Scraped caption text data
--- START ---

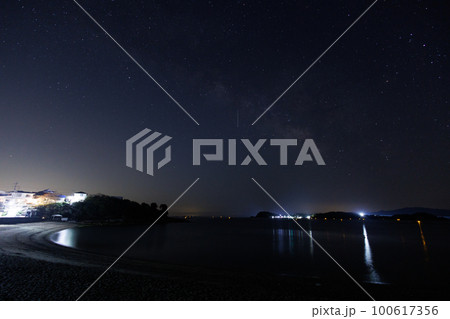日本の岡山県備前市の美しい瀬戸内海に浮かぶ星空 日本の岡山県備前市の美しい瀬戸内海に浮かぶ星空 100617356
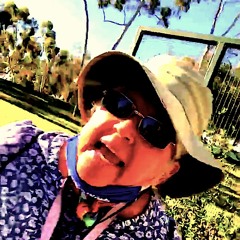 who the fuk wears black in california sun !?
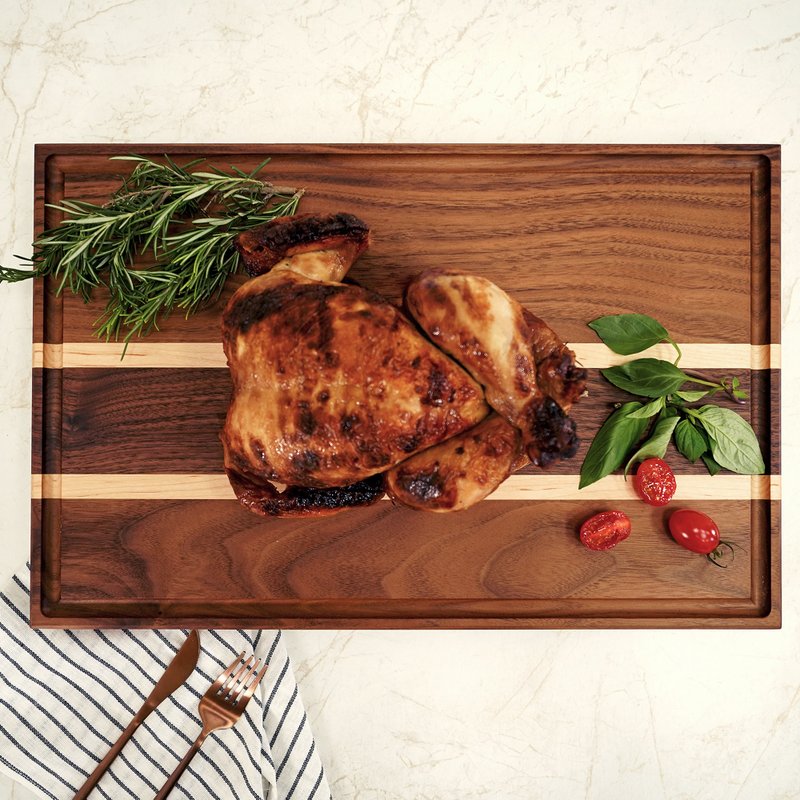 Designed in New York North American Hardwood Cutting Board - size XL - ถาดเสิร์ฟ - ไม้ สีนำ้ตาล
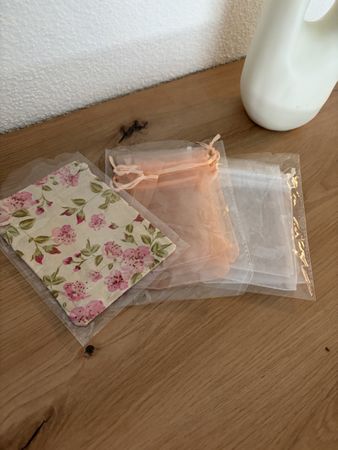 Säckchen mit Blumenmuster und Bandverschluss 5 Stk neu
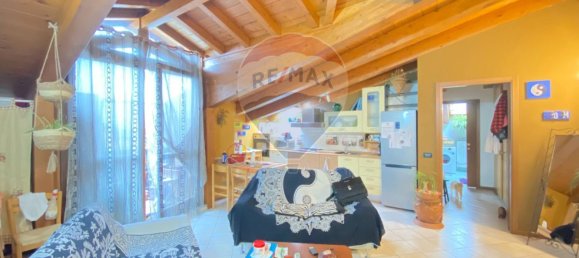 2-salle Appartement à Cura Carpignano, Italy No. 11401 23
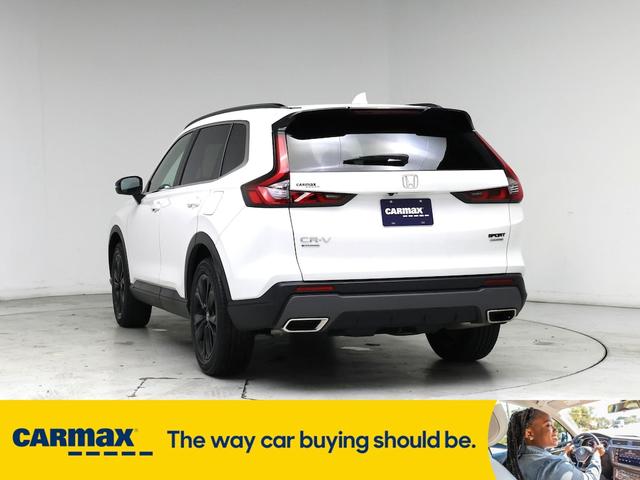 Photo of 2024 White Honda CR-V Hybrid
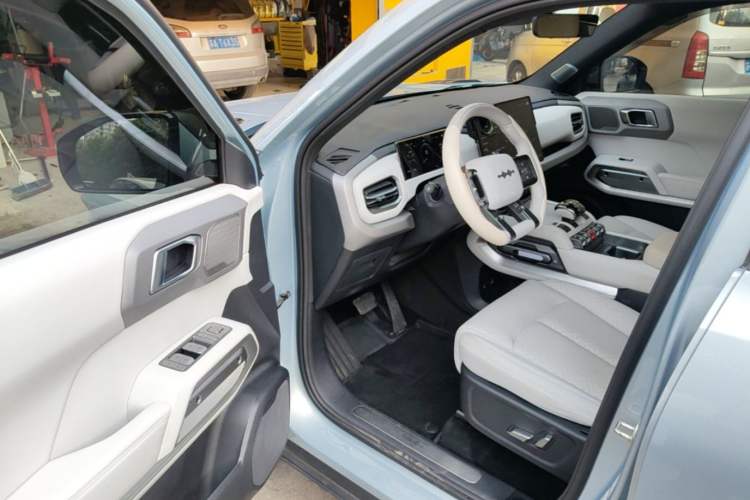 Used Formula Leopard Titanium 3 2025 501 km All-Wheel Drive Intelligent Driving Max Edition Driver Seat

--- END ---

**Your instructions**
Without the pictures, restate all of the entries word for word.

**Result**
日本の岡山県備前市の美しい瀬戸内海に浮かぶ星空 日本の岡山県備前市の美しい瀬戸内海に浮かぶ星空 100617356
 who the fuk wears black in california sun !?
 Designed in New York North American Hardwood Cutting Board - size XL - ถาดเสิร์ฟ - ไม้ สีนำ้ตาล
 Säckchen mit Blumenmuster und Bandverschluss 5 Stk neu
 2-salle Appartement à Cura Carpignano, Italy No. 11401 23
 Photo of 2024 White Honda CR-V Hybrid
 Used Formula Leopard Titanium 3 2025 501 km All-Wheel Drive Intelligent Driving Max Edition Driver Seat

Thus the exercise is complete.